To place a container in the run state, use the run command. You can also restart a container that's already running. When restarting a container, the container receives a termination signal to enable any running processes to shut down gracefully before the container's kernel terminates. A container is considered in a running state until it's either paused, stopped, or killed. A container can self-exit when the running process completes, or if the process goes into a fault state.
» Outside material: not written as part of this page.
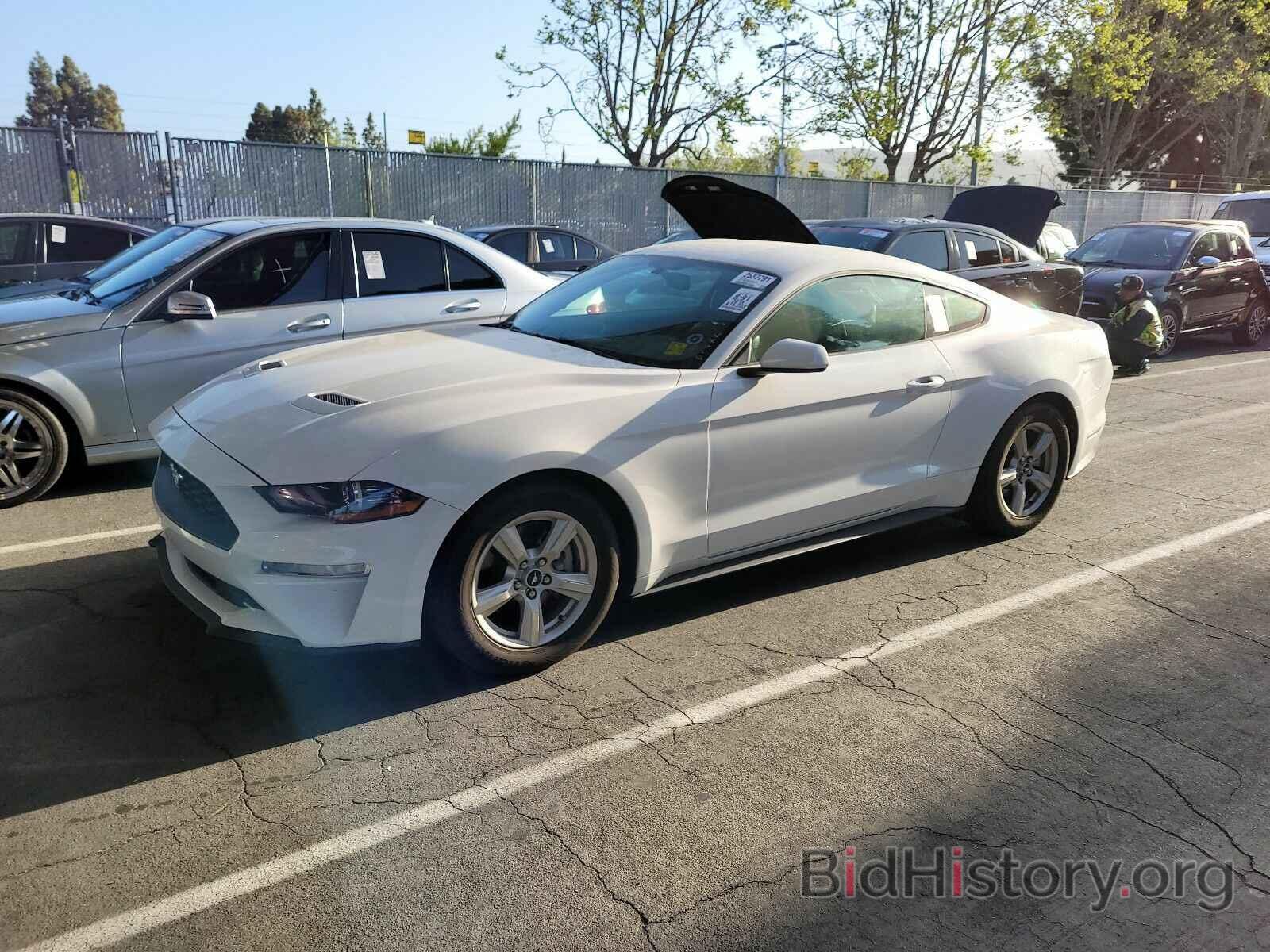 Photo 1FA6P8TH3J5119189 - Ford Mustang 2018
• To pause a running container, use the pause command. This command suspends all processes in the container.
• To stop a running container, use the stop command. The stop command enables the working process to shut down gracefully by sending it a termination signal. The container's kernel terminates after the process shuts down.
• If you need to terminate the container, use the kill command to send a kill signal. The container's kernel captures the kill signal, but the running process doesn't. This command forcefully terminates the working process in the container.
• To remove containers that are in a stopped state, use the remove command. After removing a container, all data stored in the container gets destroyed.

How to view available containers

To list running containers, run the docker ps command. To see all containers in all states, pass the -a argument.

output:

CONTAINER ID    IMAGE               COMMAND                CREATED          STATUS              PORTS          NAMES
d93d40cc1ce9    tmp-ubuntu:latest  "dotnet website.dll …"  6 seconds ago    Up 5 seconds        8080/tcp      happy_wilbur
33a6cf71f7c1    tmp-ubuntu:latest  "dotnet website.dll …"  2 hours ago     Exited (0) 9 seconds ago            adoring_borg

Here you can see:

• The image name listed in the IMAGE column; in this example, tmp-ubuntu: latest. Notice how you're allowed to create more than one container from the same image. This is a powerful management feature you can use to enable scaling in your solutions.
• The container status listed in the STATUS column. In this example, you have one container that's running and one container that has exited. The container's status is usually your first indicator of the container's health.
• The container name listed in the NAMES column. Apart from the container ID in the first column, containers also receive a name. In this example, you didn't explicitly provide a name for each container, and as a result, Docker gave the container a random name. To give a container an explicit name using the --name flag, use the run command.

Why are containers given a name?

This feature enables you to run multiple container instances of the same image. Container names are unique, which means if you specify a name, you can't reuse that name to create a new container.

run a container

To start a container, use the docker run command. You only need to specify the image to run with its name or ID to launch the container from the image. A container launched in this manner provides an interactive experience.

Here, to run the container with our website in the background, add the -d flag.

docker run -d tmp-ubuntu

The command, in this case, only returns the ID of the new container.

pause a container

To pause a container, run the docker pause command.

Pausing a container suspends all processes. This command enables the container to continue processes at a later stage. The docker unpause command unsuspends all processes in the specified containers.

docker pause happy_wilbur

restart a container

To restart containers, run the docker restart command. The container receives a stop command followed by a start command. If the container doesn't respond to the stop command, then a kill signal is sent.

docker restart happy_wilbur

stop a container

To stop a running container, run the docker stop command.

The stop command sends a termination signal to the container and the processes running in the container.

docker stop happy_wilbur

remove a container

To remove a container, run the docker rm command.

After you remove the container, all data in the container is destroyed. It's essential to always consider containers as temporary when thinking about storing data.

docker rm happy_wilbur

container storage configuration

As we described earlier, always consider containers as temporary when the app in a container needs to store data.

Let's assume your tracking portal creates a log file in a subfolder to the root of the app; that is, directly to the container file system. When your app writes data to the log file, the system writes the data to the writable container layer.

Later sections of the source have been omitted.